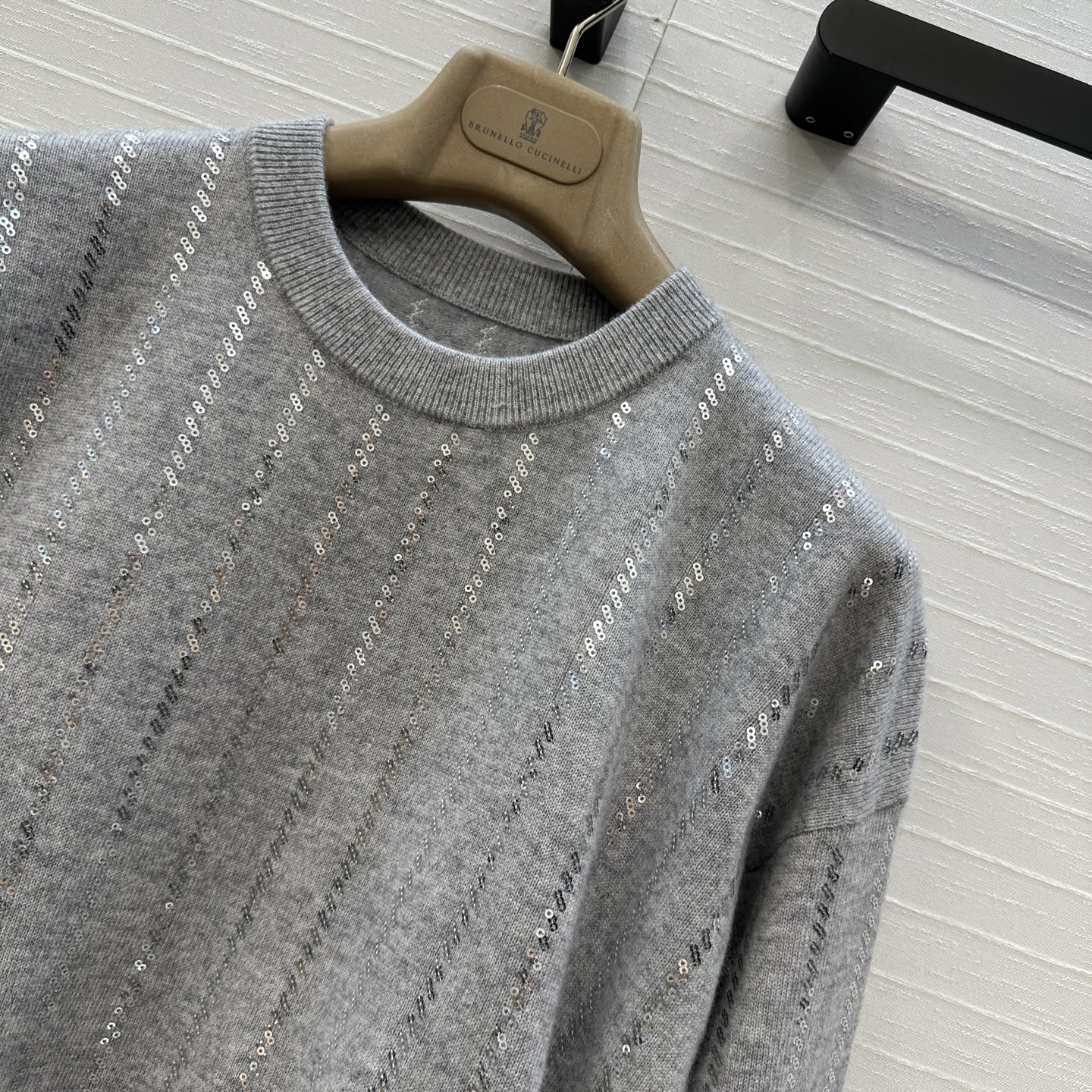 独家首发🍒高端品质！Bc老钱风穿搭，意奢风珠片条纹刺绣羊绒上衣。慵懒自在的氛围感！极简老钱休闲穿搭，打造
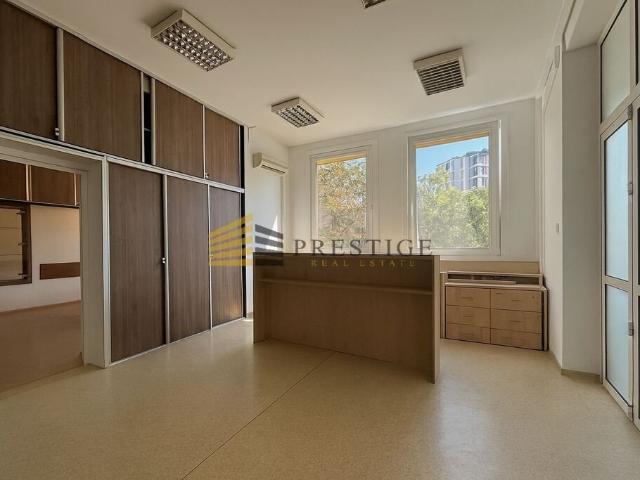 Nowoczesne biura 118,8 m² przy Rondo ONZ z ochroną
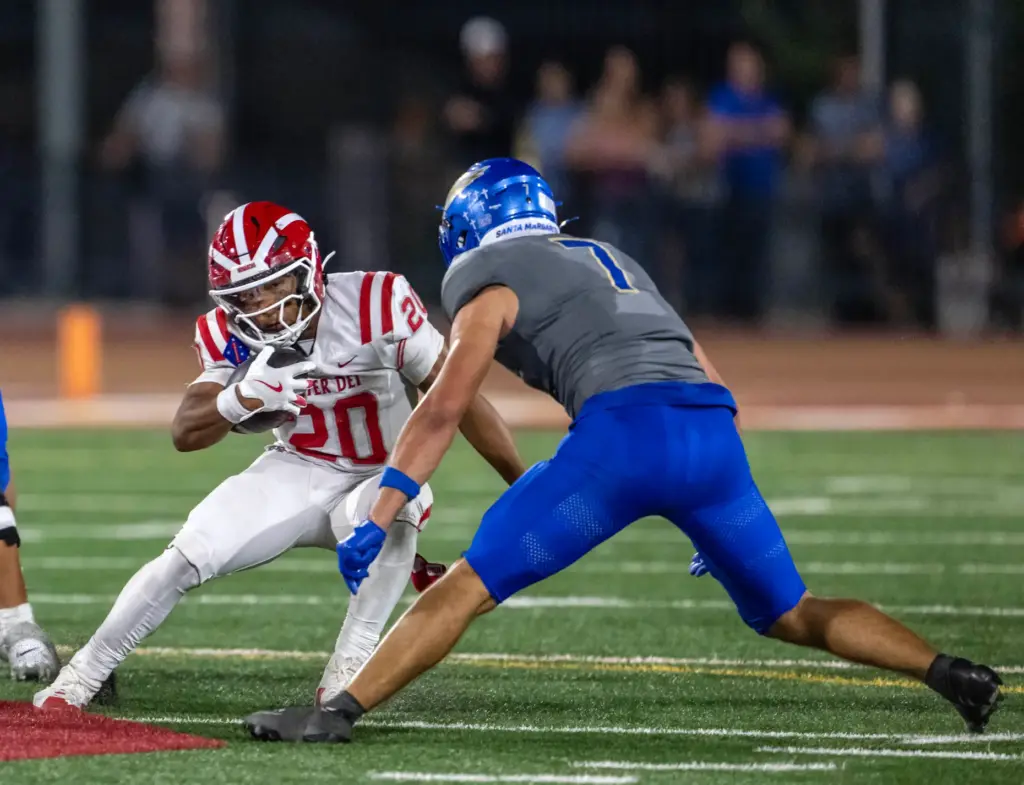 Mater Dei running back Asir Nembhard (20) makes a cut...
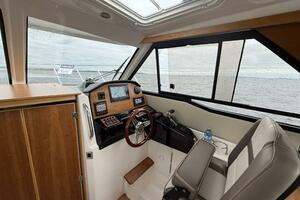 25ft Cutwater Yacht For Sale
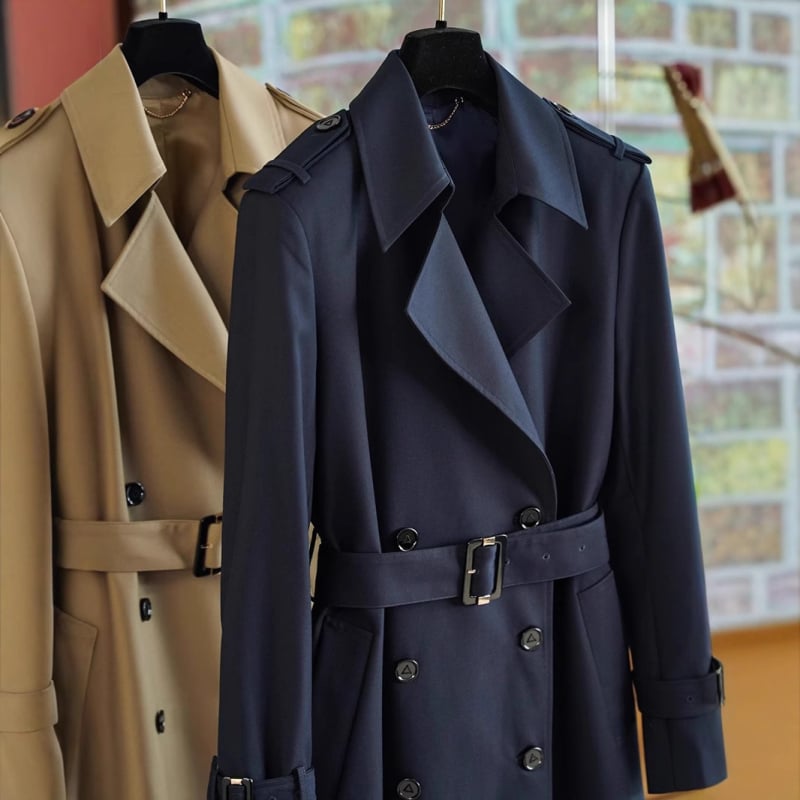 Женски средно дълъг тренчкот сक्का тип лафел, двойно закопчаване, полиестер, средна плътност, дължина 65–80 см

======

About this exercise :: None of the pictures belong in the copy; transcribe the rest of the data exactly.

Reply ::
 独家首发🍒高端品质！Bc老钱风穿搭，意奢风珠片条纹刺绣羊绒上衣。慵懒自在的氛围感！极简老钱休闲穿搭，打造
 Nowoczesne biura 118,8 m² przy Rondo ONZ z ochroną
 Mater Dei running back Asir Nembhard (20) makes a cut...
 25ft Cutwater Yacht For Sale
 Женски средно дълъг тренчкот сक्का тип лафел, двойно закопчаване, полиестер, средна плътност, дължина 65–80 см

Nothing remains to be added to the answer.